As I rode to the church this morning I had a long forgotten obstacle: cars and school children heading off to school! Funny how quickly things change on the first day of school even for those who have nothing to do with it other than riding by on their way to work. As I continued my ride, I began to think of how we impact things and don't ever really notice it.
Often, when things we do are negative we hear about it pretty quickly, but it is rare that we hear about the way we impact the world and don’t even think about it. Over the past few weeks I have had some people from the community coming in for counseling or just a friendly ear to listen to. I always find these conversations interesting. Last week a nice man came in and talked to me. He met me at the funeral for the homeless woman last year.
As he was telling me his story he said that when I went up to him and gave a welcoming smile, that was the beginning of a journey that lead him to rehabilitation. Being honest, I vaguely remember the encounter, and it did not help that he looked very different cleaned up. As we ended the conversation, all I could do was think wow, the power of God.
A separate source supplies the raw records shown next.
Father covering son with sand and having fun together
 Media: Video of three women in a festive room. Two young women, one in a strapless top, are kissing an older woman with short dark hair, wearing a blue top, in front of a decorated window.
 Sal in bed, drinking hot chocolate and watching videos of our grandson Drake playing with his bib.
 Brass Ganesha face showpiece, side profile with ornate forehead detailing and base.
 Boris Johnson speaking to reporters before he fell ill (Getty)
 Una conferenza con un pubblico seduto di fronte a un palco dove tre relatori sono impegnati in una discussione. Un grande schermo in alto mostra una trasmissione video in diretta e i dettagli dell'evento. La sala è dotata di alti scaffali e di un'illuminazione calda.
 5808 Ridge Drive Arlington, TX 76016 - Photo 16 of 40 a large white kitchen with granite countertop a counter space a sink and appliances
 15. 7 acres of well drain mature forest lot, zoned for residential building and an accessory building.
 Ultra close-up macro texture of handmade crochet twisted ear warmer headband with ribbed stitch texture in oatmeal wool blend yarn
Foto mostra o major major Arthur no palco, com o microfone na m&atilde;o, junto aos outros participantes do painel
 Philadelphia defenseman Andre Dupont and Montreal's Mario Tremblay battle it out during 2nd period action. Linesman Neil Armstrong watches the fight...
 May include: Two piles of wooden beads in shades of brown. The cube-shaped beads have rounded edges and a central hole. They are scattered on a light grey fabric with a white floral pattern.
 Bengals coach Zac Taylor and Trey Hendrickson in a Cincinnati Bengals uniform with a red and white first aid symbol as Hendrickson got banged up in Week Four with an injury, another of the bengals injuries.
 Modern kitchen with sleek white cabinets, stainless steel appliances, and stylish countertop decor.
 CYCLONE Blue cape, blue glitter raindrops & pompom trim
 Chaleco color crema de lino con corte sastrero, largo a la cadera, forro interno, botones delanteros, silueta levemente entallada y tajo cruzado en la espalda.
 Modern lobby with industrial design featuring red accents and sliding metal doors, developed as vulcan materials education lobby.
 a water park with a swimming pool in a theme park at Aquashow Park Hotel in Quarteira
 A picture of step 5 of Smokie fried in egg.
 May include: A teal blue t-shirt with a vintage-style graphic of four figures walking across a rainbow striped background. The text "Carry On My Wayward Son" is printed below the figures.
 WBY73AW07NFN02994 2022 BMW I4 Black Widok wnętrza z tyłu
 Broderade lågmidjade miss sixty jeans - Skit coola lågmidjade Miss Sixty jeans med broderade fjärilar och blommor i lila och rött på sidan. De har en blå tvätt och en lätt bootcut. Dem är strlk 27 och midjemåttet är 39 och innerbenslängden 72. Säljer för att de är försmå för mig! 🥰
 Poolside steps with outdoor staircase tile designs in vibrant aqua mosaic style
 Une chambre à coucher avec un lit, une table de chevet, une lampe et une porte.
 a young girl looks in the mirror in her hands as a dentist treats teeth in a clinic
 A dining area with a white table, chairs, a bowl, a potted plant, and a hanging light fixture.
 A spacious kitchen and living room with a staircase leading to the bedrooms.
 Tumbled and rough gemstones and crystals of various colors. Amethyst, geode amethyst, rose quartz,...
If I would have thought of the significance of that day I would have never thought that being nice would have impacted things more then anything else.
There is the song that was a standard camp song when I was growing up: “We are One in the Spirit” -I hope most of you know it. It is a simple but powerful song, which teaches us a very important lesson about faith. Basically the lesson we learn is that we are one body with one God who calls us to love, anything more or less than that is a diversion.
A few years ago one of my good friends was leading a discussion trying to recruit people for a prison ministry. When a person in the group said, “Well they’re felons, they did the crime, now they’re doing the time.” The odd implication being that by going into the prison my friend was giving them a way out. My friend answered back “Yes, but as people of faith we are called to share that faith with everyone, showing them dignity and love. From there, God will do what God needs to do.”
My friend hit on the essence of what we spoke of a few weeks ago in the Good Samaritan story:
36 “Which of these three do you think was a neighbor to the man who fell into the hands of robbers?” 37 The expert in the law replied, “The one who had mercy on him.” Jesus told him, “Go and do likewise.”
Interestingly, so much of modern Christianity is focused on immediate results, theological correctness, and comfortable spirituality. But that is not the message that Christ gives at all: in fact he calls us to be compassionate and treat all with respect and love, staying faithful to God. From there, God will use us, and while we do not always see our impact, we know that we have one, and we can see the impact if we look really hard. As people of faith, we must never forget that our call is to love as God has loved us and that the impact of that love will affect the world around us and that God will use that to bring others to faithfulness.